Advantage: Nikon Coolpix P100

Image Quality
Not all 26x zoom lenses are created equal. A big zoom range is enticing, but how well can you expect the lens to perform from wide angle all the way out to telephoto?


Nikon Coolpix P100, full telephoto 678mm


Pentax X90, full telephoto 676mm

The answer? About as well as you can expect a 26x zoom lens to perform on a compact camera body. Both cameras employ sensor-shift image stabilization. We found that the systems were helpful most of the time, but pushing the lens to full telephoto and getting a clear handheld shot was something of a challenge. With assistance from a monopod, clear images at the long end of the focal range were much easier to capture. The lenses performed well overall, but in both cases they shouldn't be expected to do the same job as a DSLR.

The Nikon Coolpix P100 records up to ISO 3200, and the X90 stops at ISO 1600. That's probably a good thing, because our studio test image at 1600 was pretty fuzzy. The P100's ISO 1600 shot is noticeably cleaner. The backside illuminated CMOS seems to be doing the trick.


Nikon Coolpix P100, ISO 1600

Pentax X90, ISO 1600

For a look at all of the studio shots, check the Pentax X90 and Nikon Coolpix P100 review image quality sections.

Default shots from both cameras show sharp detail at the center of the frame and some softness out toward corners. We saw some barrel and pincushion distortion from the P100, though it offers in-camera corrections that work well. The X90 produced very little in the way of geometric distortions at wide and telephoto focal lengths, though we did see some vignetting toward the long end of the range.
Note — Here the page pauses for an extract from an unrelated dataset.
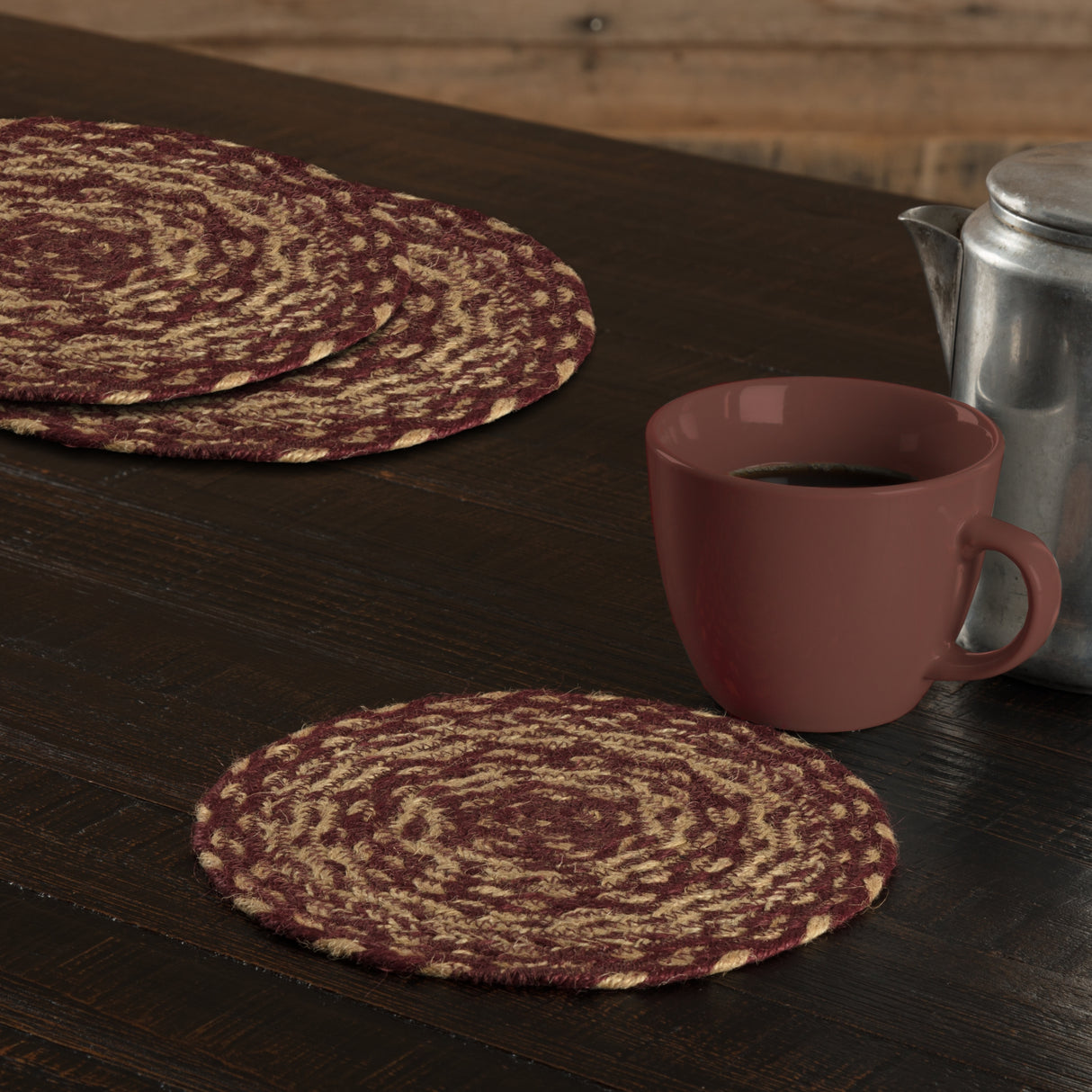 Burgundy Tan Jute Trivet 8, Set of 3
That said, both cameras produced very good images. The Pentax X90's default processing mode is "bright," with an option for natural and monochrome. The P100 has no less than seven processing options, ranging from "softer" to "vivid" and "more vivid" and several black and white options. The images below offer a little bit of a comparison of each camera's natural processing mode, though keep in mind they were recorded at different times of day.


Nikon Coolpix P100

Pentax X90

The P100's sensor gives it another edge in this category, and a better range of usable ISO settings means more options in low light shooting and faster shutter times throughout the zoom range.
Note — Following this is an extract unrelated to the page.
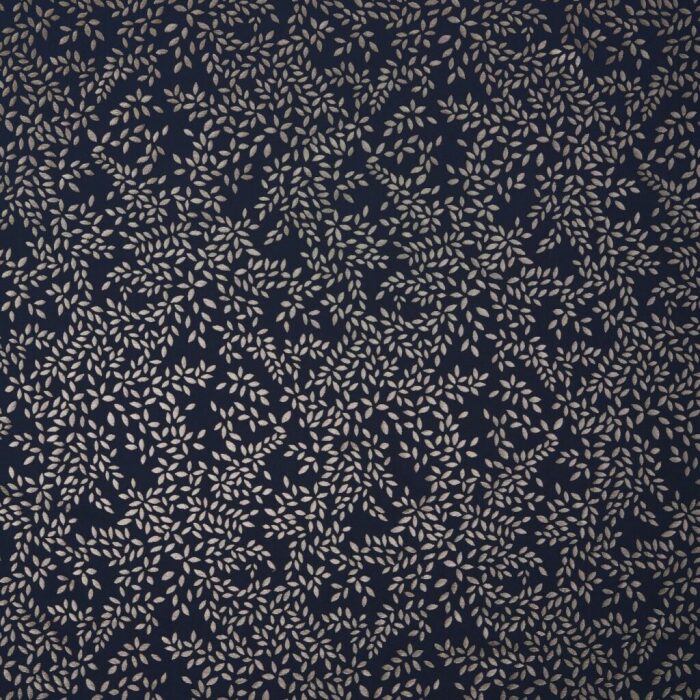 Metallic Leaves Smokey Blue Fabric by Sara Miller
Advantage: Nikon Coolpix P100


Price and Value
The Nikon Coolpix P100 sells for $399.99 at the time of this writing directly from Nikon. A savvy shopper can find it for a little bit less, but not much. The Pentax X90 is offered at $379.99 from Pentax's own site. Street prices are as low as $300.
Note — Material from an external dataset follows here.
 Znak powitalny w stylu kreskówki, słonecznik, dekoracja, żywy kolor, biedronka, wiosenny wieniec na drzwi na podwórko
Given the capabilities of both cameras and the high level of image quality both are capable of producing, the Pentax X90 is a better buy if you can find that discounted $300 price tag. The P100 will do more for a little more money, but the X90 offers good image quality with a very nice wide-to-telephoto focal range.

Advantage: Pentax X90

CONCLUSIONS
Our Head-to-Head features as of late have been pretty evenly matched. Unfortunately, this one isn't. Our advantages weigh heavily in the Coolpix P100's favor. Nikon's addition of the venerable 10.3 megapixel BSI CMOS chip puts it on par with the best cameras in its class.

Nikon Coolpix P100

High speed shooting, a variety of video options, and improved low light performance give the P100 an edge that's hard to top. The Pentax X90 is a fine camera in its own right, but if you're in the market for a 26x ultrazoom, consider the P100 first. It's not the bargain that the X90 is at close to $300, but it's a good buy and a heavyweight in the ultrazoom ring.